Akın ÖZÇER
Salı akşamından bu yana Spor Toto Süper Ligi’nin (STSL) büyük takımlarının Ziraat Türkiye Kupası elemelerinde mütevazı takımlar karşısında zorlandıklarını ve turu ancak penaltılarla geçebilen Galatasaray dışındaki büyüklerin erkenden elendiklerini görüyoruz. Önce Trabzon, sonra Fenerbahçe ve ardından Beşiktaş… Kupa maçlarında büyük takımların zaman, zaman sürpriz sonuçlar alarak zayıf rakiplerine elendikleri oluyor. Sadece Türkiye’de değil, büyük futbol ülkelerinde de. Ama bu hafta Türkiye’de olduğu gibi bütün sürpriz sonuçların bir araya gelmesine pek kolay rastlanılmıyor. Hele daha birçok STSL takımının alt liglerde mücadele eden takımlara elendikleri de dikkate alınırsa…
Rakibi küçümsemek
Sürpriz sonuçlar genel olarak büyük takım oyuncularındaki motivasyon ve konsantrasyon eksikliğine bağlanıyor. Buna karşılık küçük takım oyuncularının da kendilerini göstermek için büyüklerle yaptıkları karşılaşmalara daha motive çıktıkları söyleniyor. Bu doğru belki ama milyarların döndüğü futbol endüstrisinde oyuncuların değeri motivasyon ve konsantrasyonla değil, kişisel yeteneklerle ölçülüyor. O bakımdan ligi açık ara önde götüren ve futbolcularının değeri açısından da ilk sırada yer alan Fenerbahçe gibi bir takımın Fethiyespor gibi PTT 1. Lig’in dibine demir atmış bir takıma hem de kendi seyircisi önünde elenmesinin izahı pek kolay olmuyor.

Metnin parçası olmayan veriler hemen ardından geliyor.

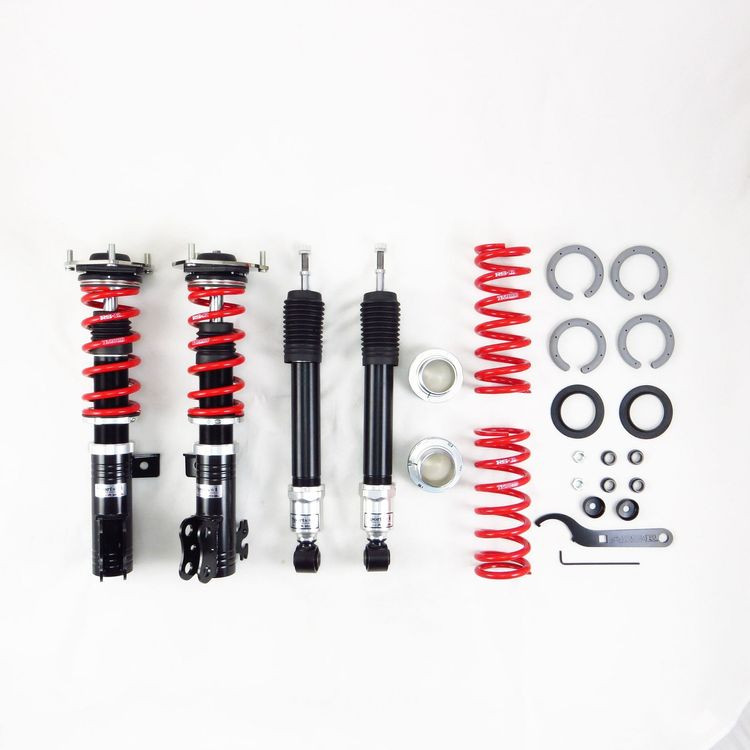 136249-1-rs-r-sports-i-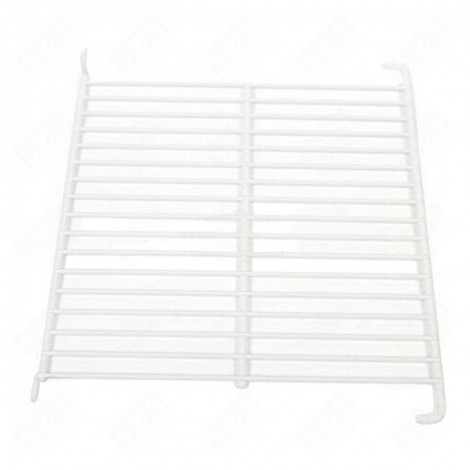 SHELF, RACK REFRIGERATOR, FREEZER - 4811700100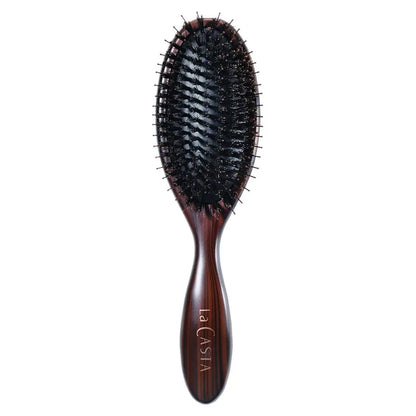 LA CASTA HEAD SPA BRUSH - Массажная щетка для волос и кожи головы LA CASTA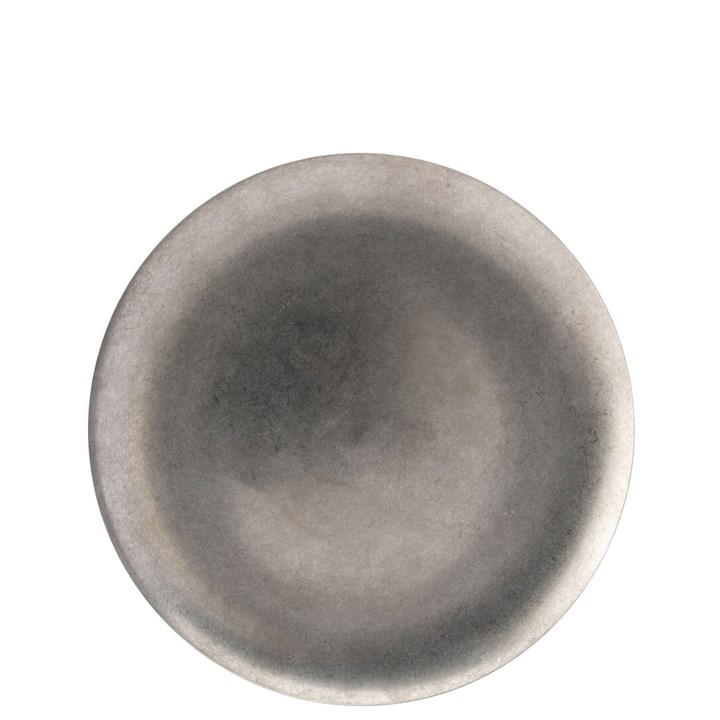 Artemis Plate 9in (23cm)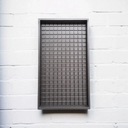 Zdjęcie oferty: Organizer dekoracyjny na klucze, biurko, nowoczesny, plastikowy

Kuşku yok ki futbol sadece takımların ilk 11’de yer alan, kulübede oturan, hatta tribüne gönderilenler dâhil bütün oyuncularının toplam değeriyle kazandıkları bir oyun değil. Öyle olsaydı, oyuncularının parasal değeri daha yüksek takımların hep kazandığı tatsız, tuzsuz maçlar izlerdik. Futbol her şeyden önce takımların 11 oyuncusunun birbirini tamamlamasını, birlikte hareket etmesini gerektiriyor. Bu birliktelik, oyuncuların birbirine uyum sağlaması, belirli bir süre birlikte oynamaları ile sağlanabiliyor. Takımın oyuncu kalitesinin yüksek olması, ancak bu birliktelikle anlam kazanıyor elbette.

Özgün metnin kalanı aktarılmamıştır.